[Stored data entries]
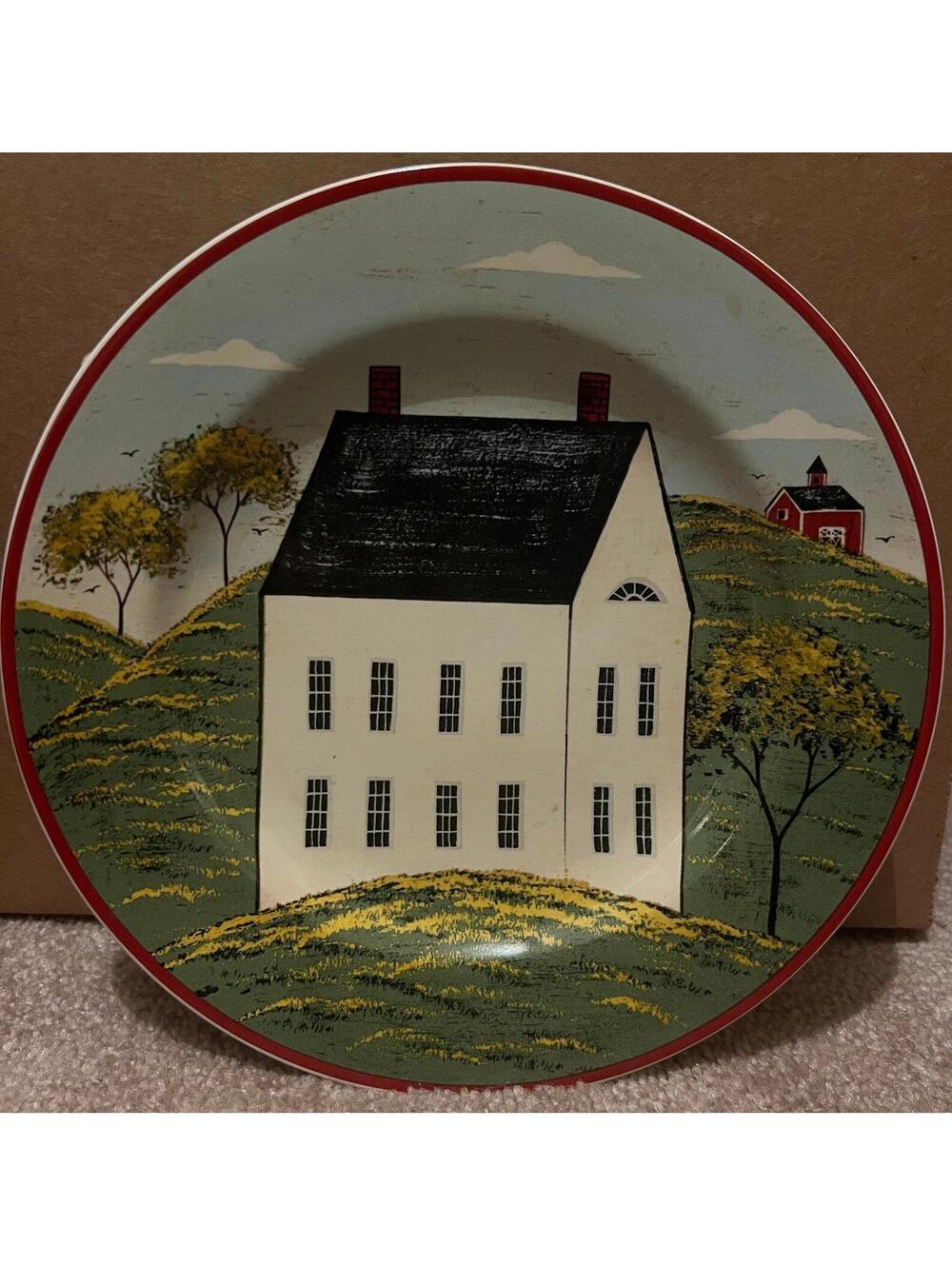 Vintage Warren Kimble 8 Inch Plate Dish Sakura 1998 Brandon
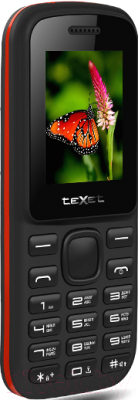 Мобильный телефон Texet TM-130 (черный/красный)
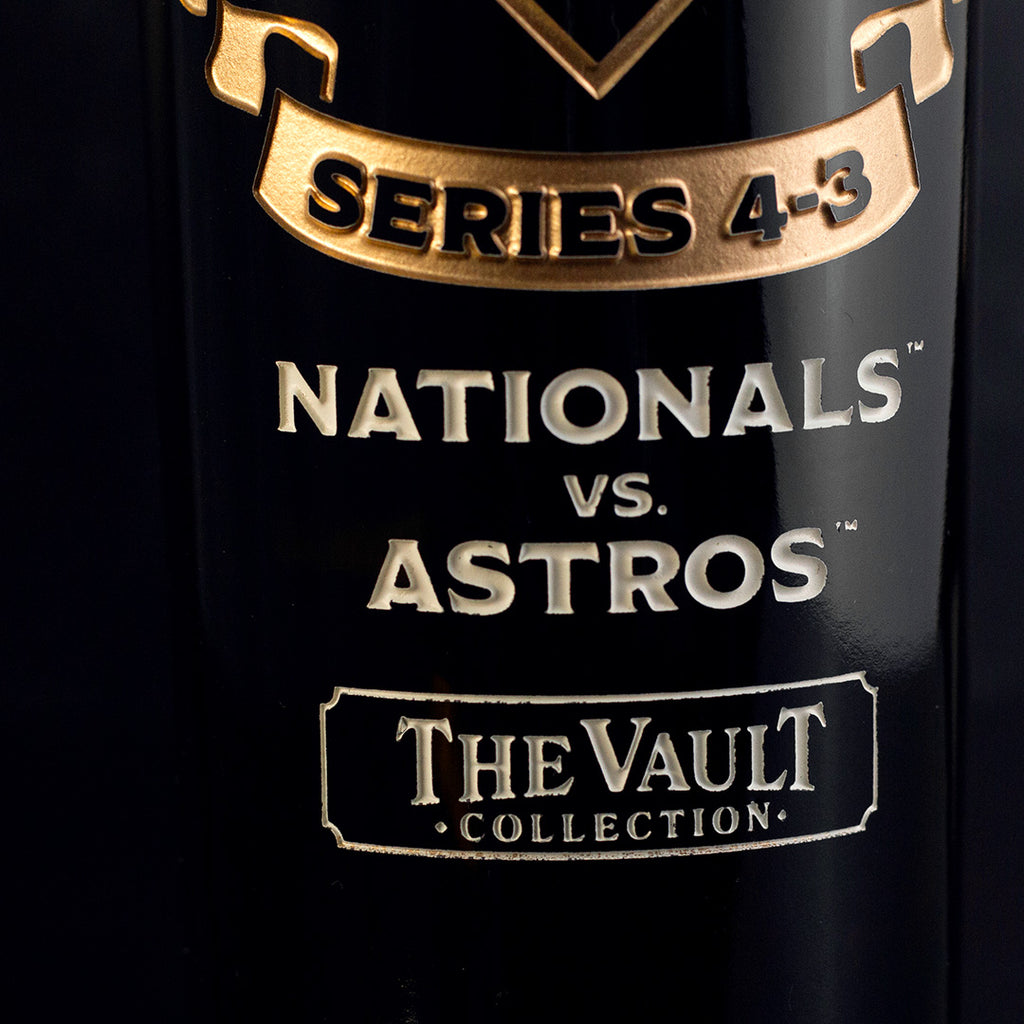 Washington Nationals 2019 World Series Vault Etched Wine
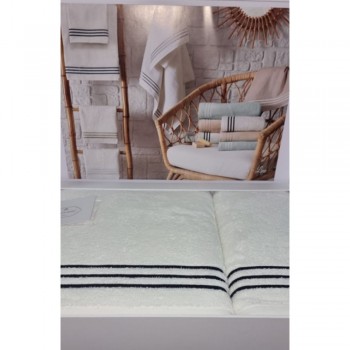 Набір рушників Tivolyo Home Line k.beyaz/lacivert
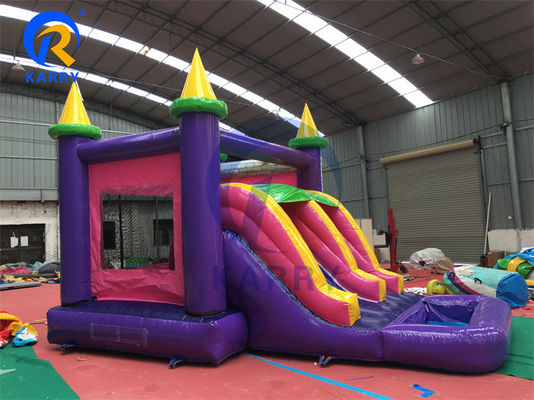 14 Faixa etária Bounce inflável em casa Salto castelo com escorrega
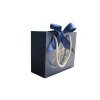 Darčeková taška elegantná – modrá (pre 1–2 sviečky)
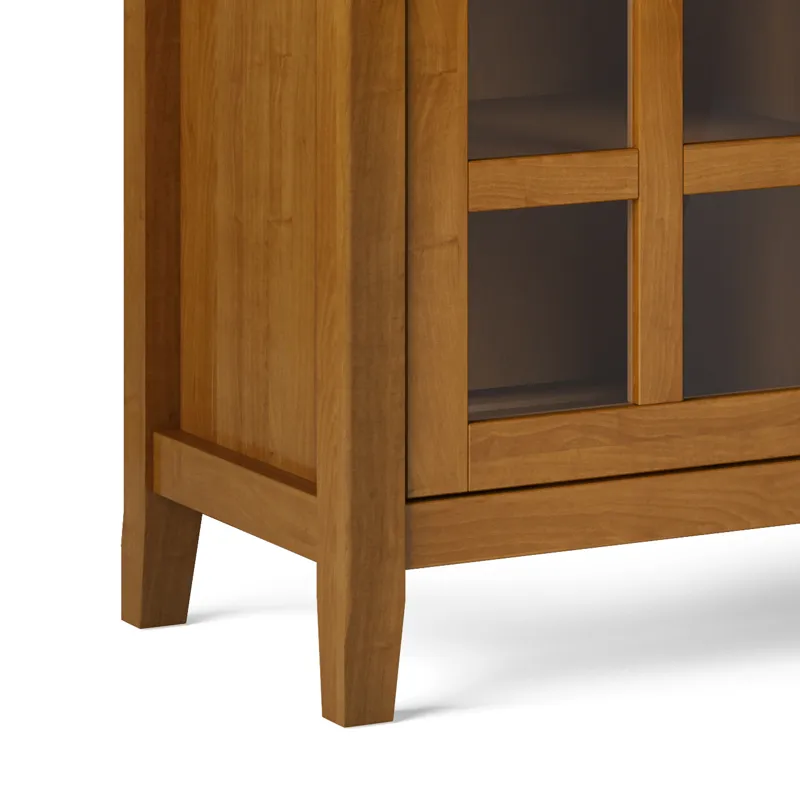 Acadian - 60" TV Media Stand - Light Golden Brown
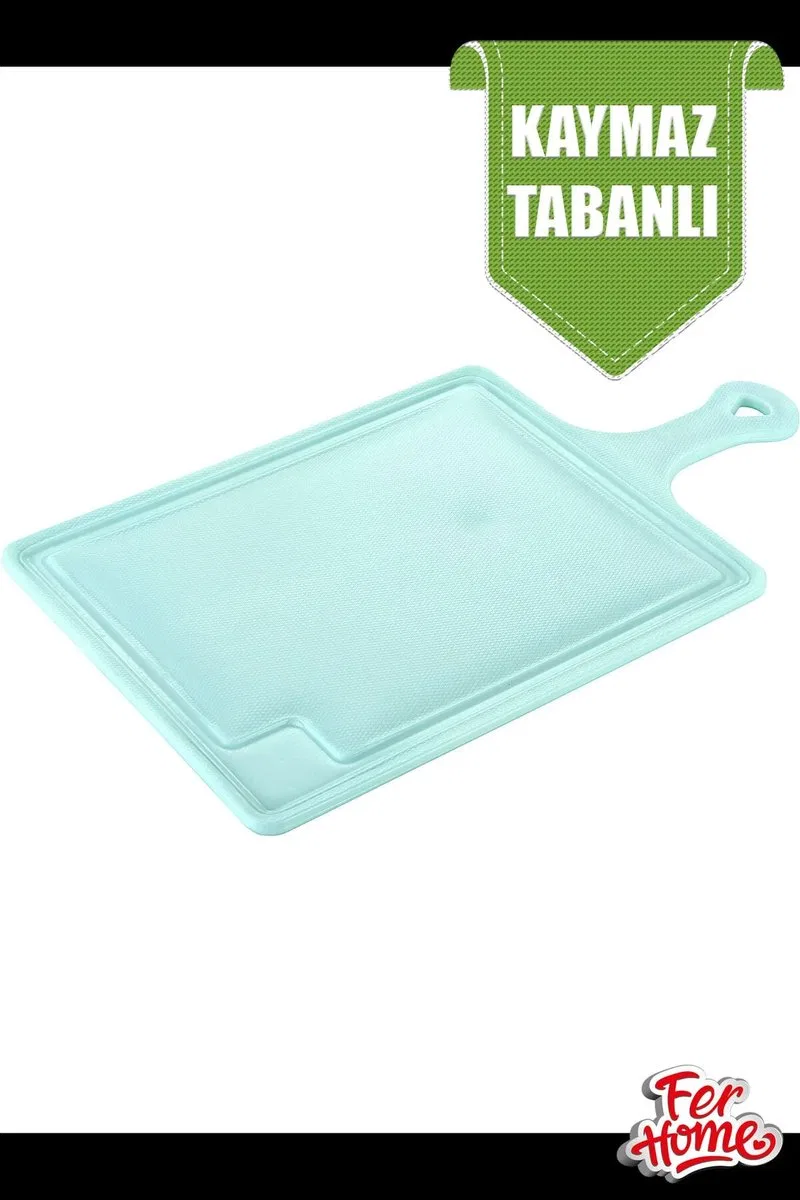 Kesme Tahtası Kaydırmaz Plastik Kesme Sunum Tahtası Pratik Kesim Panosu 165x315 Mm Royaleks-FR-105 görsel 6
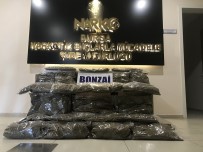 Bursa'da Yapılan Uyuşturucu Operasyonunda 31 Kilo Bonzai Ele Geçirildi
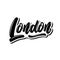 London capital of England. Lettering phrase on white background. Design element for poster, banner, t shirt, emblem. Vector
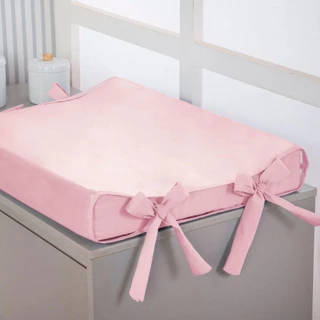 Trocador de Fralda Luxo Anatômico De Cômoda 55x40cm Para Bebe Plastificado Capa Removivel Cores lisa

◆ What this task involves
What you return must match the lines from the top of the data through the line with "Набір рушників Tivolyo" exactly, with the pictures removed.

◆ Exercise response
 Vintage Warren Kimble 8 Inch Plate Dish Sakura 1998 Brandon
 Мобильный телефон Texet TM-130 (черный/красный)
 Washington Nationals 2019 World Series Vault Etched Wine
 Набір рушників Tivolyo Home Line k.beyaz/lacivert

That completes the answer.